1-4 このような趨勢のもとで2005年に、米国上院法務委員会のHatch議員およびLeathy議員の依頼により米国著作権局が調査を開始し、「著作者不明著作物に関する著作権局長報告書」(Report on Orphan Works)を提出した(2006-1)。
1-5 この報告書は、次のように述べている。
1-5-1 著作者不明著作物は現実の問題である。
1-5-2 著作者不明著作物問題を計量化し包括的に説明することは困難である。
1-5-3 現行著作権法では対応不可能な多くの問題がある。
1-5-4 現在の問題に効果ある対応をするためには、新たな立法が必要である。
1-5-5 米国著作権法第5章を改正し、「真摯に調査したが著作権者の所在を特定できな場合、かつ、可能な限り適切に著作者・著作権者を表示したことを利用者が証明した場合には、著作権者が後に出現して著作権侵害に係る訴求をしても、損害賠償等の金銭救済手段を制限する」と定めるべきである。
1-5-6 著作者不明著作物法案(Orphan Works Act of 2006 H.R.5439,109 Cong)および著作権現代化法案(Copyright Modernization Act of 2006 H.R.6052, 109 Cong)が提出されたが、業界団体の反対のため取り下げられている。
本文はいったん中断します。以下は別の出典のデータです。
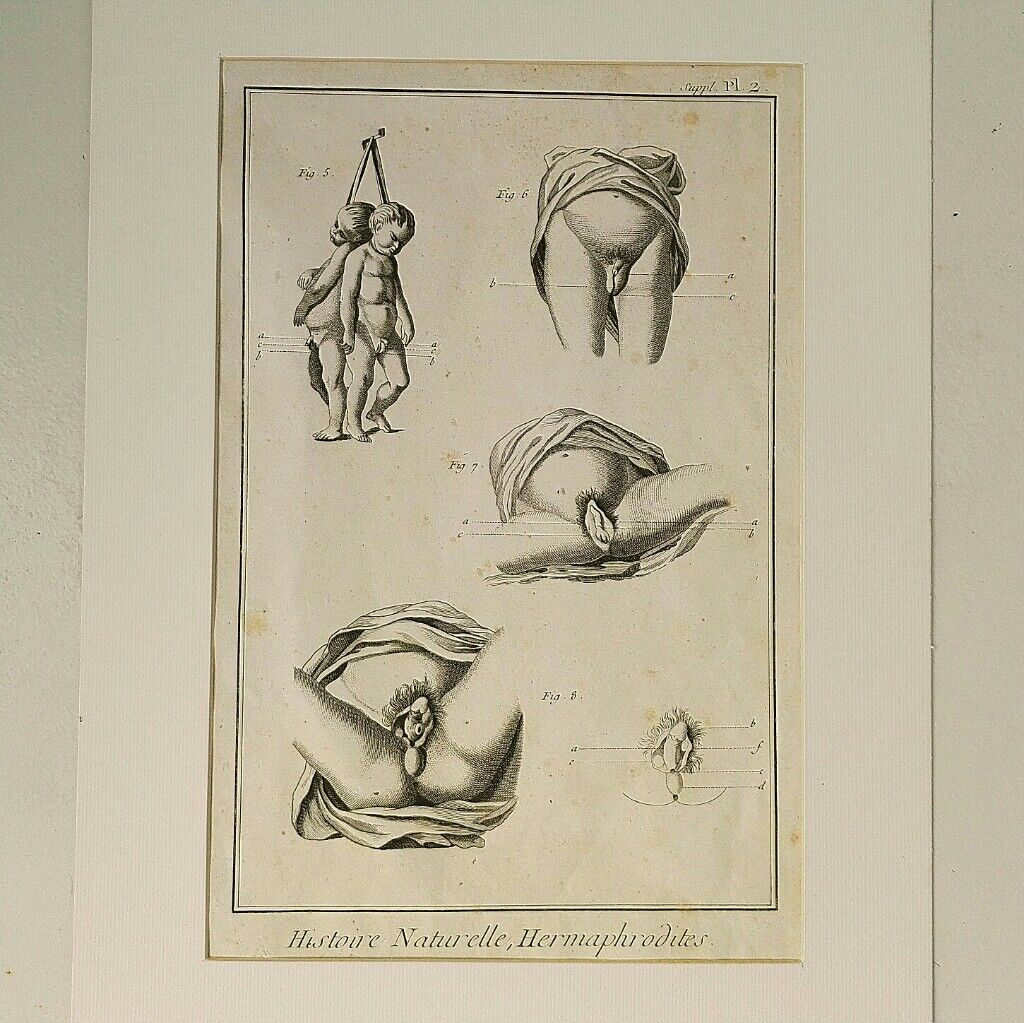 Engravings EIGHTEENth hermaphrodites Diderot cabinet curiosity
なおその内容は、1-5-1の規定に加えて、「真摯な調査」の要件、合理的な補償金の算定基準等である。

2. SANARI PATENT所見
わが国著作権法第67条(著作者不明等の場合における著作物の利用)は、「公表された著作権物について、相当の努力をしても著作権者と連絡できない 場合、文化庁長官の裁定を受け、かつ、通常の使用料額を供託すれば、その著作物を利用できる」趣旨を定めているが、デジタルコンテンツ流通の現実に即しないことは明白と考える。